Dalton, 41, contacted in Chicago, is in his 19th year with Bank of America, for which he runs a commercial lending group downtown.

He is married and has two daughters.

He said he emerged from two hours of meetings earlier July 13 to find his BlackBerry “exploding” with messages.

“Here I am, a kid from Dowagiac,” Dalton said, “and I’m interacting with the Yankees owner like he was just someone else’s parent.

“He was never condescending and always kind to people working on the field. He never put anyone off who wanted an autograph or surrounded himself with security. I think Culver was his refuge. He was extremely generous to Culver, very humble personally and not standoffish. He sat in the bleachers. He was a great athlete in his day, a helluva football player.”

As an eighth-grader and a member of Culver’s Black Horse Troop, Dillon attended Ronald Reagan’s inauguration.

He attended Culver from 1983-1987, when he and Hal graduated. For their senior concert they had the Temptations.

Dillon pitched for Culver and captained the baseball team.

Dillon said Steinbrenner, who won seven World Series with a team he acquired for a $10 million song, would fly in for Culver games.

In fact, on the basis of watching a South Bend LaSalle shortstop going nine for 11, the Yankees drafted the player.

Similarly good fortune befell a catcher from Bremen who later died in a tragic accident.

But Dillon’s most amazing story is that junior year, between games of a doubleheader, in days before cell phones and other immediate communication devices, Steinbrenner yanked oft-fired Billy Martin from a pay phone.

“What set him off in the middle of our game?” Dalton still wonders.
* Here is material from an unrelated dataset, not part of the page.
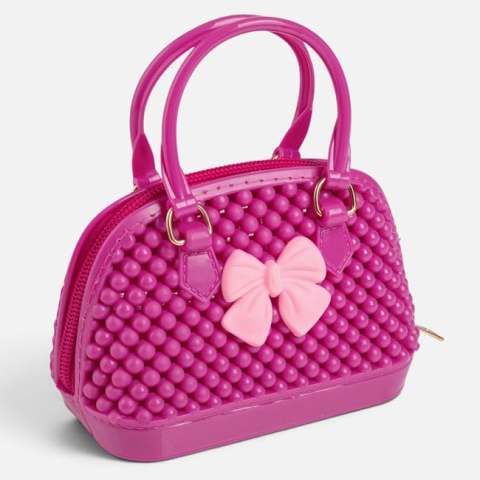 Articole pentru petreceri - Gentuță Fucsia din PVC cu Pin Fundă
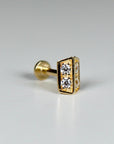 two clear cubic zirconia simulated diamond stone Earring. The earring is designed for a cartilage piercing.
He remembers Steinbrenner sitting with his dad, who pitched for the San Francisco Giants, and reminiscing about people they knew in common.

Dalton said it was odd when Steinbrenner passed as he had just run across the letter Tom received declining his invitation to a Dowagiac Rotary Club luncheon due to his busy schedule.

As a Culver benefactor, Dalton indicated the team looked forward to The Boss’s visits.
For one thing, it meant meals at Ponderosa instead of McDonald’s.

For another, he replaced the team’s “pukey blue” jerseys with classier pinstripes reminiscent of the Bronx Bombers.

Dillon had never been to Manhattan or Brooklyn, so he and his parents went to a game in the old Yankee Stadium in September 2007.

They not only watched from Steinbrenner’s personal skybox, they sat with Yogi Berra. Steinbrenner was already in declining health and was not there.

He said the attendant Steinbrenner hired to take care of the suite was a young man whose health was destroyed by whatever he inhaled battling the 9/11 terrorist attacks.

Dalton’s parents, Tom and Lynn, were recently in Chicago from Florida and attended a White Sox game with him.

His dad, who also did movie stunt work, wanted to name him “Matt Dillon” after the “Gunsmoke” lawman, but his mother was having none of that, so flipped the names.

But that’s why he was called Matt in Dowagiac.

Cheetahs on the Run, unveiled on the eighth anniversary of 9/11 in 2009, is a memorial to Matt’s grandmother, Helen Rudolphi Tremble.